This functions is a fancy wrapper for packages MPTinR and
TreeBUGS applying various frequentist and Bayesian estimation methods
to the same data set with different levels of pooling/aggregation using a
single MPT model and collecting the results in one tibble
where each
row corresponds to one estimation method. Note that parameter restrictions
(e.g., equating different parameters or fixing them to a constant) need to
be part of the model (i.e., the .eqn
file) and cannot be passed as
an argument.
The settings for the various methods are specified via function
mpt_options
. The default settings use all available cores for
calculating the boostrap distribution as well as independent MCMC chains
and should be appropriate for most situations.
The data can have a single between-subjects condition (specified via
condition
). This condition can have more than two levels. If
specified, the pairwise differences between each level, the standard error
of the differences, and confidence-intervals of the differences are
calculated for each parameter.
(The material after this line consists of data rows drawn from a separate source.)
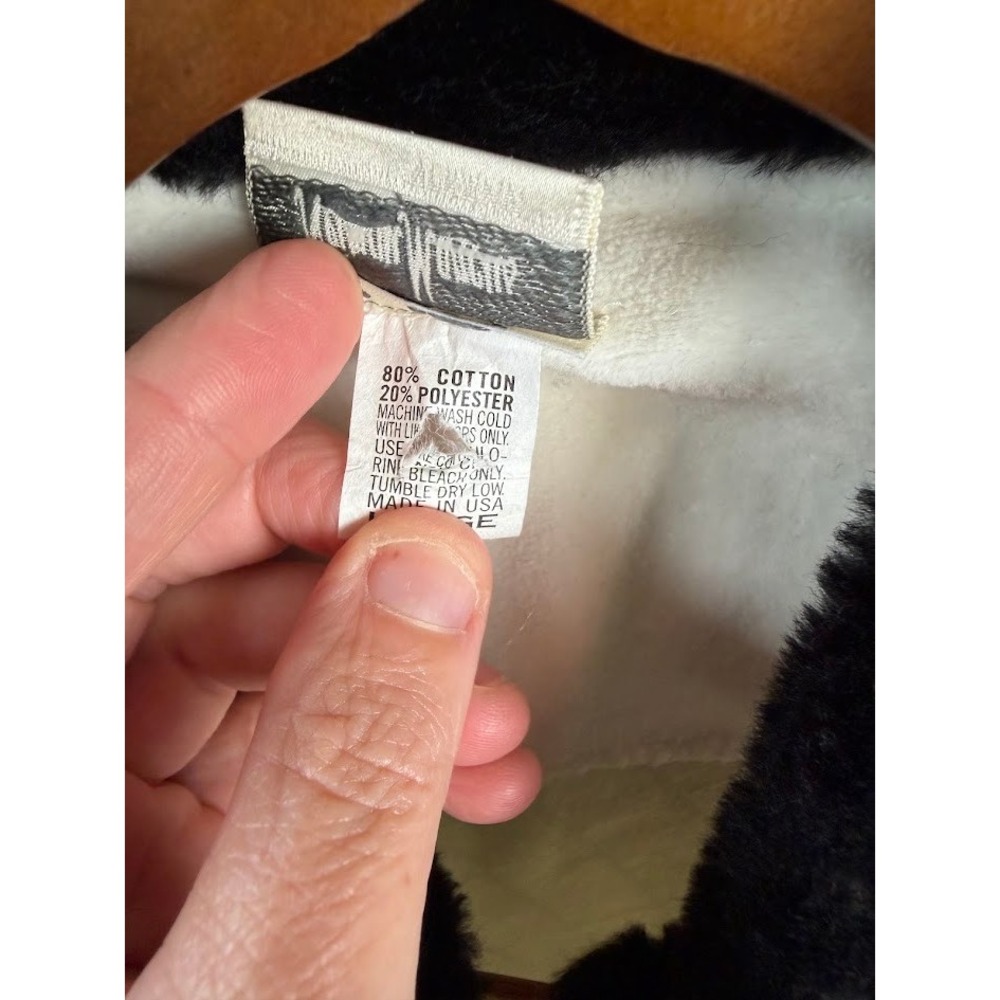 Neiman Marcus Cream Quilted Faux Fur Collar Drawstring Waist Zip Up Jacket L - Picture 9 of 12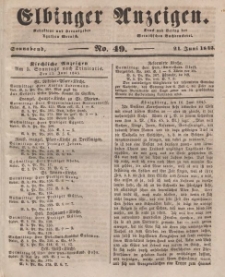 Elbinger Anzeigen, Nr. 49. Sonnabend, 21. Juni 1845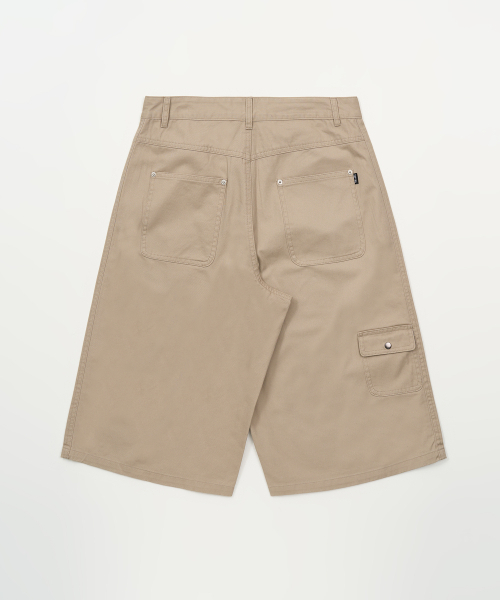 TOFFEE(トフィー)の「ミニポケットバミューダパンツ (ベージュ)(その他パンツ・メンズ・その他・X-LARGE/SMALL/MEDIUM/LARGE)」の3枚目の写真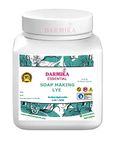 DARMIKA Essential for Soap Making (1kg) Flakes Powder to Make You Own Safe Natural Handmade Cold & Hot Processed Soaps for your Family and Friends.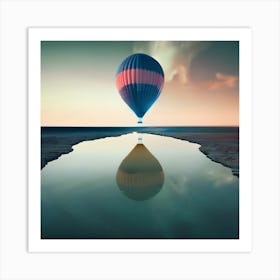 Hot Air Balloon In The Sky Art Print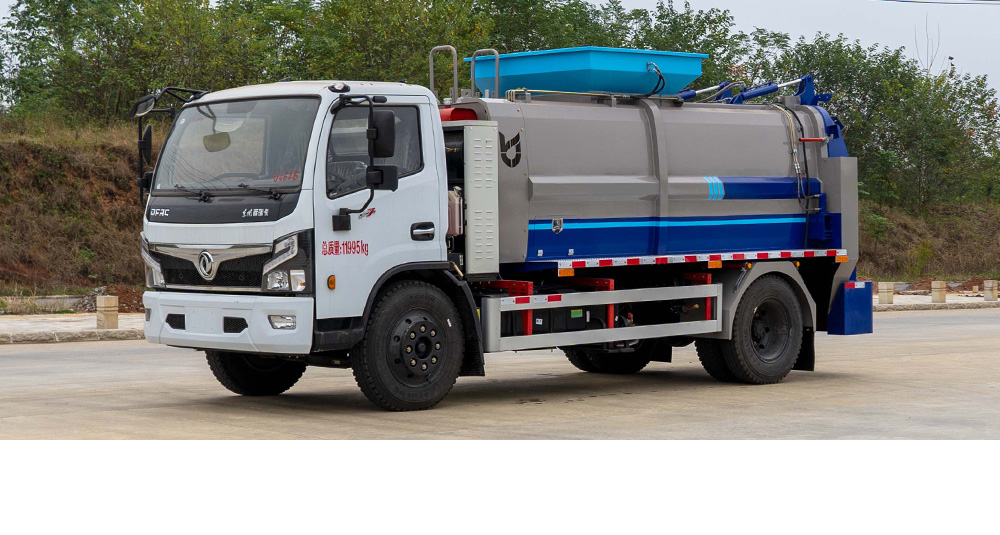 东风福瑞卡混动餐厨垃圾车图2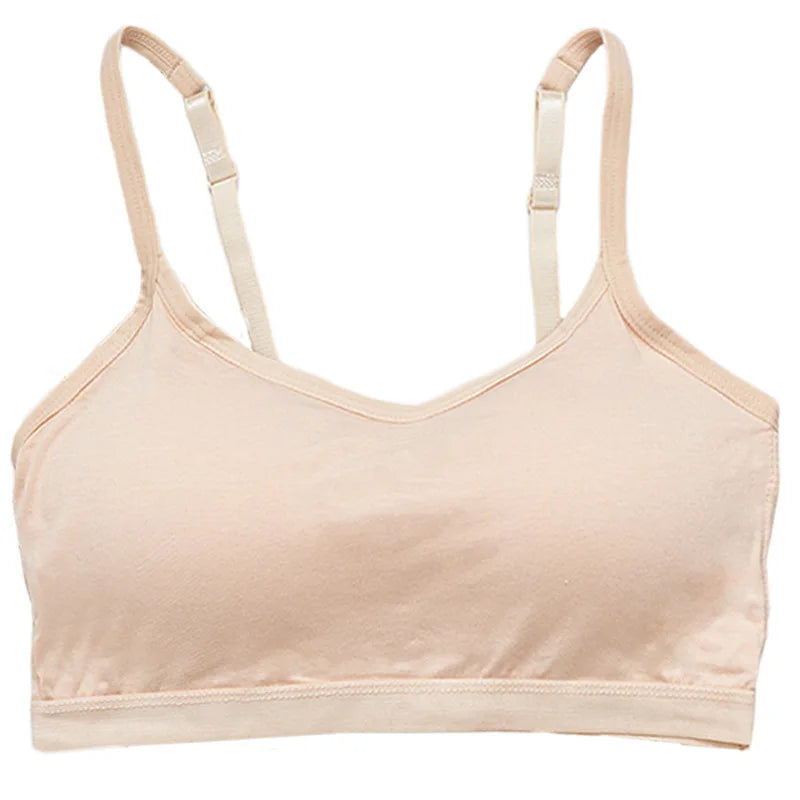 Sports Sexy Bra for Women Girl's Tank Crop Top Seamless Underwear Padded and Non Steel Ring Comfortable Nylon Running Yoga Bra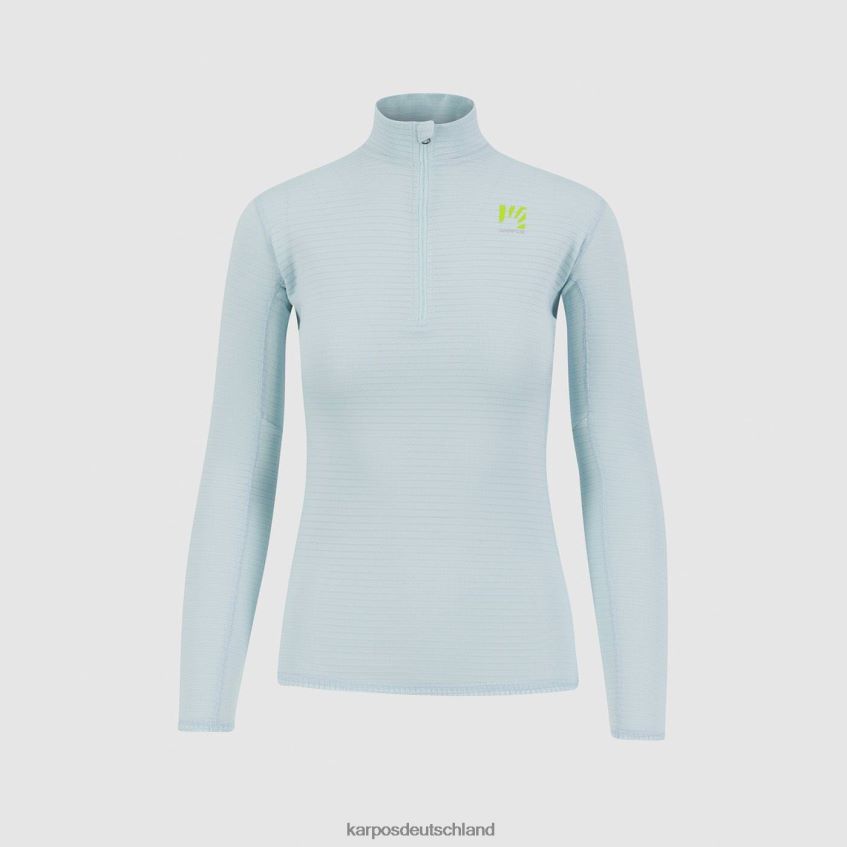 Vlies| de Karpos Frauen Croda Light mit halbem Reißverschluss Stratosphäre ZV820Z1216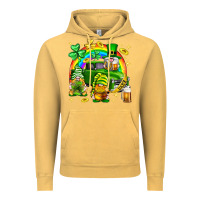 Vintage Mustard St. Patrick's Day gnomies truck Vintage Hoodie - Neo Western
Please note that condition
is
silently converted to character
in the output. Thus, a specific
ordering of the factor
levels in the output cannot be guaranteed. If
the data has more than one between-subjects condition, these need to be
combined into one condition for this function.
Parameter differences or other support for within-subject conditions is not
provided. The best course of action for within-subjects conditions is to
simply include separate trees and separate sets of parameters for each
within-subjects condition. This allows to at least compare the estimates
for each within-subjects condition across levels of pooling and estimation
methods.
Pooling
The following pooling levels are provided (not all by all estimation approaches, see below).
Complete pooling: The traditional analysis approach in the MPT
literature in which data is aggregated across participants within each
between-subjects condition. This approach assumes that there are no
individual-dfferences. Produces one set of model parameters per condition.
No pooling: The model is fitted to the individual-level data in
an independent manner (i.e., no data aggregation). This approach
assumes that there is no similarity across participants and usually
requires considerable amounts of data on the individual-level. Produces
one set of model parameters per participant. Group-level estimates are
based on averaging the individual-level estimates.
Partial pooling: Data is fitted simultaneously to the
individual-level data assuming that the individual-level parameters come
from a group-level distribution. Individual-level parameters are often
treated as random-effects which are nested in the group-level parameters,
which is why this approach is also called hierarchical modeling. This
approach assumes both individual-level differences and similarities.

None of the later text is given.